With 17 million people without jobs in the region, the eurozone is currently "enjoying" its highest unemployment rate since the inception of the fiscal union more than 10 years ago. The unemployment rate is up from 10.7% last month to 10.8%. Germany's unemployment rate is at 5.7%, whereas Spain's unemployment rate is over 23%. The fact is, there is a very high possibility that unemployment rate will cross 11% in Euro zone before the year ends and I don't see a jobs recovery in Europe anytime soon. Here is why:

Wages are not competitive: Euro zone countries have the highest cost for low-skill labor in the world, with the exception of Germany. For example, the minimum wage in France is €1,321 per month. Considering that a work week in France is 35 hours, this comes down to $12.50 per hour. On the other hand, Germany has no minimum wage and hourly wages can go as low as €2 per hour. Most eurozone nations can't compete with Germany or the emerging markets in wages, and many jobs move to these markets as a result.

Culture is not innovative: When it comes to art and literature, Europeans may be very creative, however when it comes to business and industry, Europeans have trouble with innovating, again with the exception of Germany. It's not uncommon for young people in Europe to live with their parents or collect government checks for many years, until they are finally able to find a job. For example, in Italy, 30% of all unmarried people between ages 20 and 30 still live with their parents. In other parts of the world, young people are more likely to start their own business if their job search fails than in Europe.
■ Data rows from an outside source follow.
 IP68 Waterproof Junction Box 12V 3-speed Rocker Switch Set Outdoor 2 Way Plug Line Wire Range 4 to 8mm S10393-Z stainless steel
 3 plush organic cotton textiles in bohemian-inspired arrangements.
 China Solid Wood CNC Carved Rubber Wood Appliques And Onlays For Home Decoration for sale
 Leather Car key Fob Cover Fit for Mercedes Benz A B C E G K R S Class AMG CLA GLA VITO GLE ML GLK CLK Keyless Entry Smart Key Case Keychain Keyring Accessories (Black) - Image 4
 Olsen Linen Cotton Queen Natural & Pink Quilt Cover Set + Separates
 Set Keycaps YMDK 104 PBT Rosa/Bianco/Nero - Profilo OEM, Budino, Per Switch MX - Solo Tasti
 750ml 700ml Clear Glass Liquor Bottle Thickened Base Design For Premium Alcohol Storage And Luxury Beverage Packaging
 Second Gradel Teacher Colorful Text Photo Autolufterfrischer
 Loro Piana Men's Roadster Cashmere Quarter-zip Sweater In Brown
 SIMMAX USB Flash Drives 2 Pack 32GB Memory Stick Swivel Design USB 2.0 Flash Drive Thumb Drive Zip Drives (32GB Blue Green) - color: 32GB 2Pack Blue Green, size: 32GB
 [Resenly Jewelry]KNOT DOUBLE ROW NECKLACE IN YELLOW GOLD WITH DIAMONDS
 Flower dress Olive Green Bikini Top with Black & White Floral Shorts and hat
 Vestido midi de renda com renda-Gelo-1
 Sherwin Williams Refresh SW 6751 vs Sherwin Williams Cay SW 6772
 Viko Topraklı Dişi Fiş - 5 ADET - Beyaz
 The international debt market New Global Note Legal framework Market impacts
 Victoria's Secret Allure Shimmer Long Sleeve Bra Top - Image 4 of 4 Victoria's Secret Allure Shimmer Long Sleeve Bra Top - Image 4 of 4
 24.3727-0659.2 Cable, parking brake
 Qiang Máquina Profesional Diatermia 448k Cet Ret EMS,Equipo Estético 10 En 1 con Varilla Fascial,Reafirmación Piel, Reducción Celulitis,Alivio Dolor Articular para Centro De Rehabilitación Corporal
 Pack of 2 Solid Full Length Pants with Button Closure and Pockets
Governments are engaged in austerity measures: Rather than making structural changes to debt problems, many European nations simply chose to cut their expenditures and implement relentless austerity measures. Of course, this didn't play well in these countries where 40%-60% of the economic activity is composed of government spending. If government lays off thousands of employees and businesses don't hire them, what happens to those individuals? Many times, an employee who spent his or her whole life working for government will have trouble adjusting to working for a private/public company, as culture, pressures, priorities and motivations are very different in government agencies and businesses.

Conclusion

I believe that the European economy is losing its edge against the emerging nations and the US, with the exception of Germany. The old continent isn't doing enough to reinvent itself and falling behind. Even many European companies are moving their operations outside of the continent in order to cut costs. The continent grew too comfortable post World War II and its jobs situation is chronic.

One may argue that things aren't looking that great in US either, however US has an innovative culture and it can always reinvent itself to remain competitive. I don't believe Europe (outside of Germany) will have its own Steve Jobs or Mark Zuckerberg anytime soon, as the continent's current dynamics don't reinforce people like them.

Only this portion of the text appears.